▸ **Problem to work on**
Leave out every picture, then transcribe the rest of the listing exactly.

>>

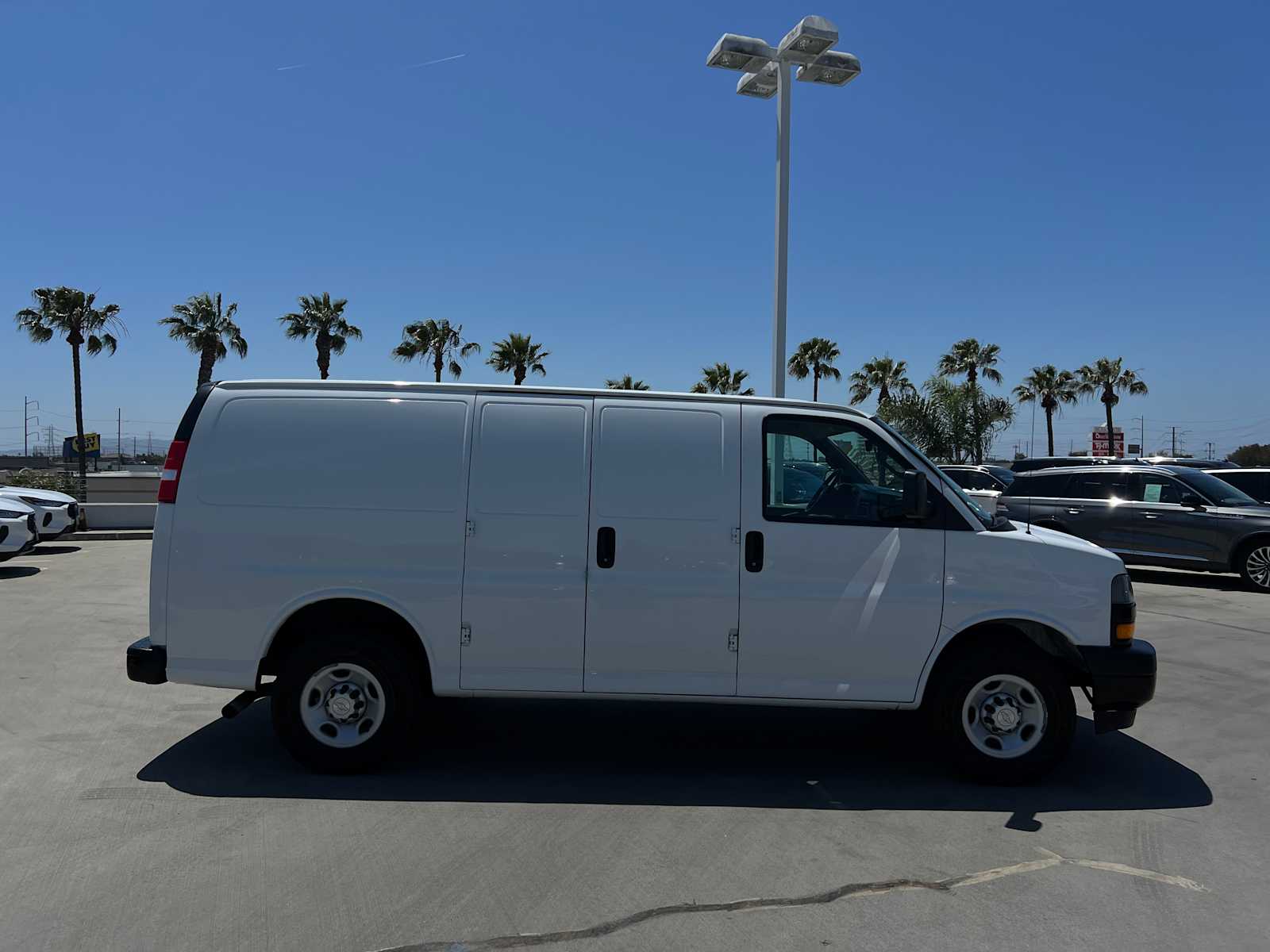 2020 Chevrolet Express 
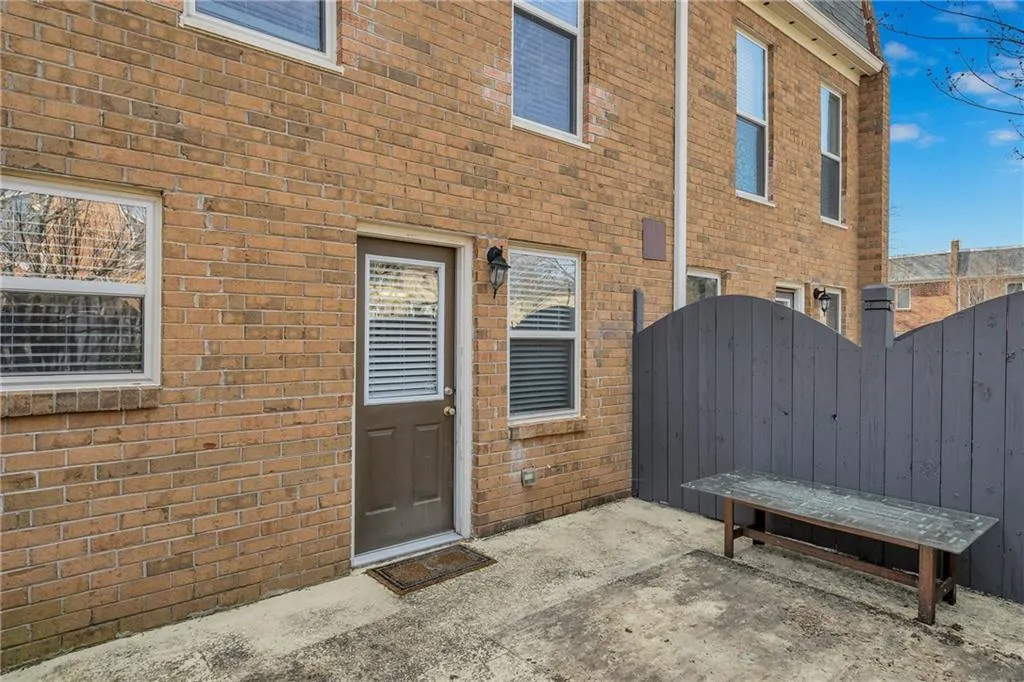 245 Winding River Drive Unit B, Sandy Springs, Georgia 30350, 2 Bedrooms Bedrooms, ,1 BathroomBathrooms,Residential,Sold,245 Winding River Drive Unit B,6514875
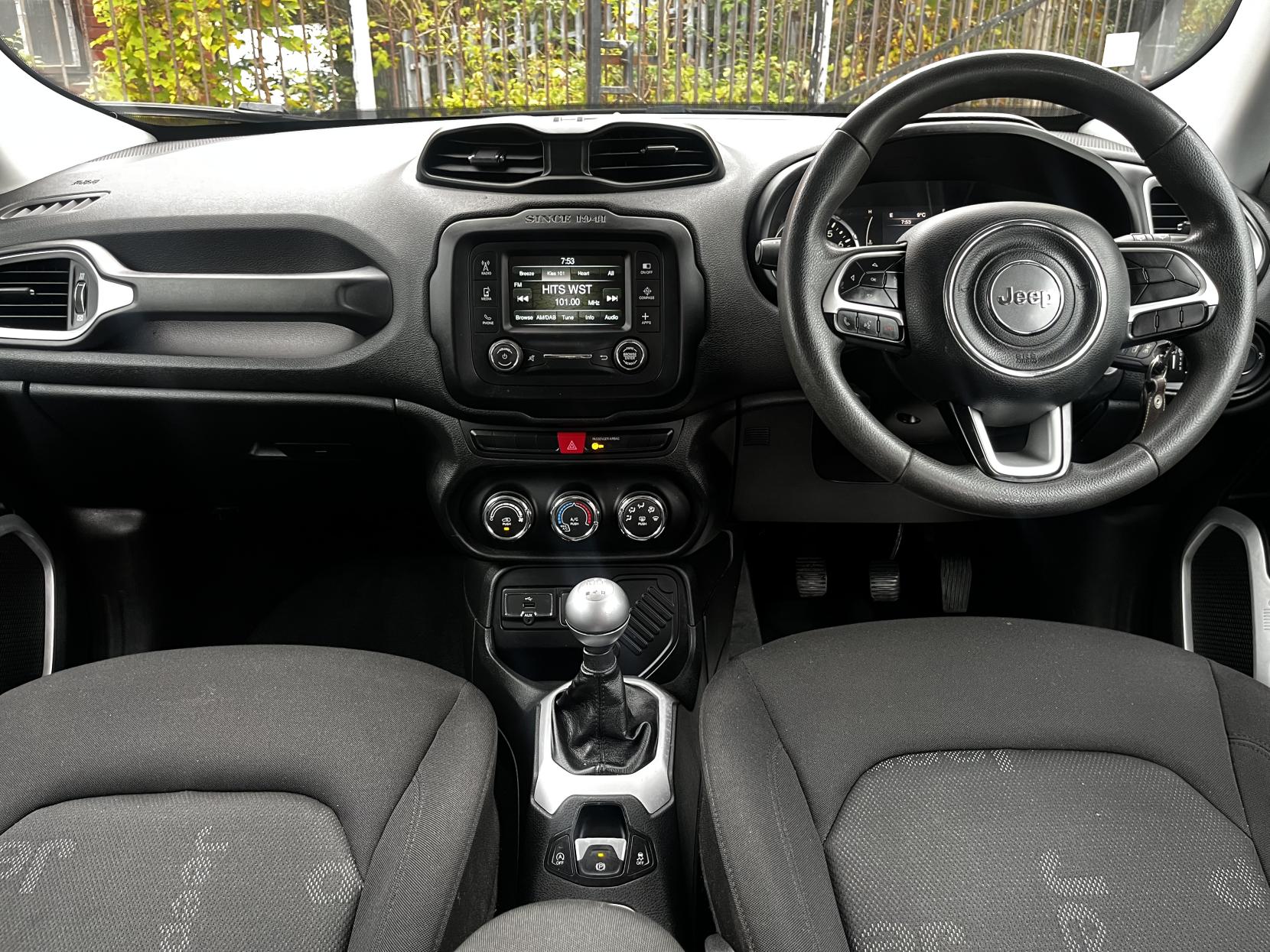 Jeep Renegade 1.6 E-TorQ Sport SUV 5dr Petrol Manual Euro 6 (s/s) (110 ps)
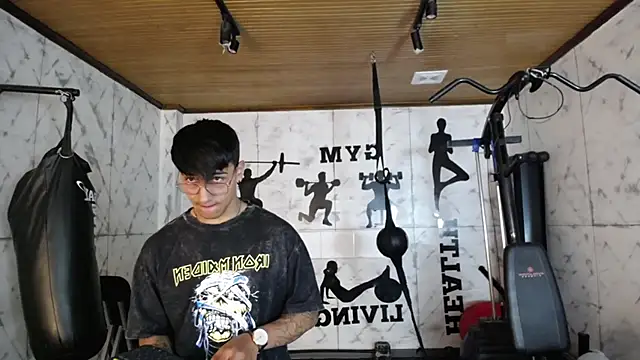 Snapshot of Andy_Joy_ chatting on September 2025 11:47:02 AM Andy Joy online show from September 2025 11:47:02 AM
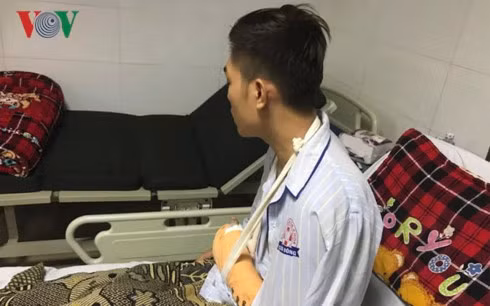 Bi hanh hung da man sau va cham giao thong-Hinh-2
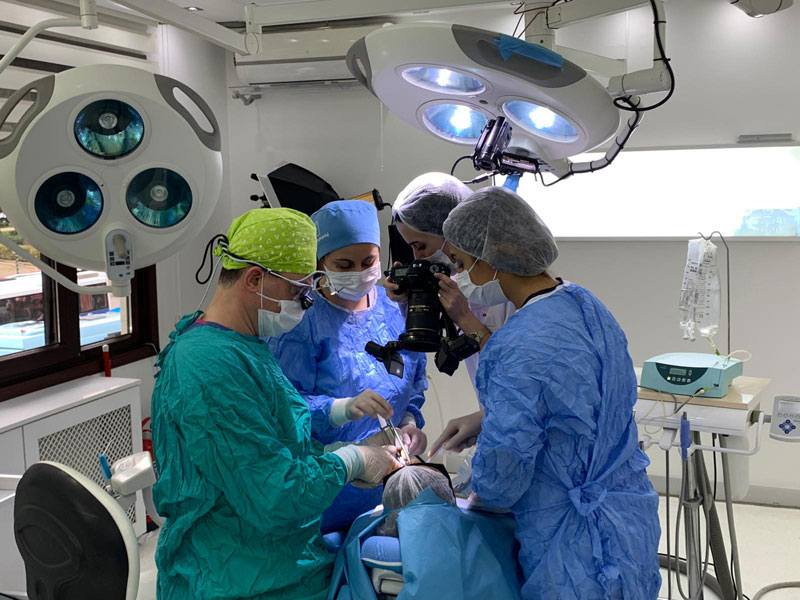 Diş Kliniği Ataşehir'de İstanbul İmplantoloji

<<

▸ **Your solution**
 2020 Chevrolet Express 
 245 Winding River Drive Unit B, Sandy Springs, Georgia 30350, 2 Bedrooms Bedrooms, ,1 BathroomBathrooms,Residential,Sold,245 Winding River Drive Unit B,6514875
 Jeep Renegade 1.6 E-TorQ Sport SUV 5dr Petrol Manual Euro 6 (s/s) (110 ps)
 Snapshot of Andy_Joy_ chatting on September 2025 11:47:02 AM Andy Joy online show from September 2025 11:47:02 AM
 Bi hanh hung da man sau va cham giao thong-Hinh-2
 Diş Kliniği Ataşehir'de İstanbul İmplantoloji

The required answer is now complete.